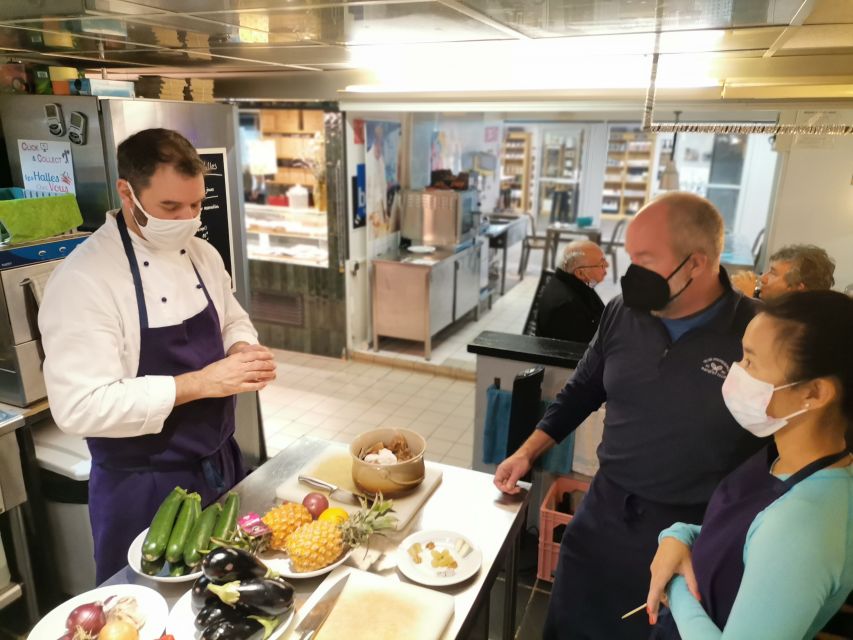 Avignon: Cooking Class and Lunch with a Local Chef - Moving from the market to the kitchen
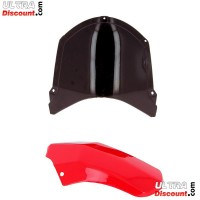 Verkleidung fr pocket bike MT4 Rot Bilder 1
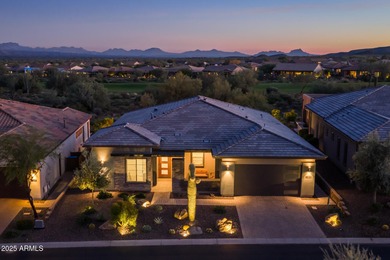 Discover elevated desert living in this Cordoba floorplan on Vista Verde Golf Course in Arizona - for sale on GolfHomes.com, golf home, golf lot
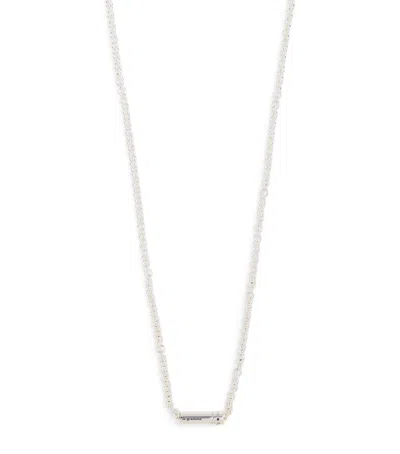 Le Gramme Sterling Silver Chain Cable Necklace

WORK ITEM.
May I have only the lines from the start of the data through the line containing "Verkleidung fr pocket bike MT4 Rot Bilder 1", both included, reproduced exactly and without the pictures?

PROBLEM SOLUTION.
 Avignon: Cooking Class and Lunch with a Local Chef - Moving from the market to the kitchen
 Verkleidung fr pocket bike MT4 Rot Bilder 1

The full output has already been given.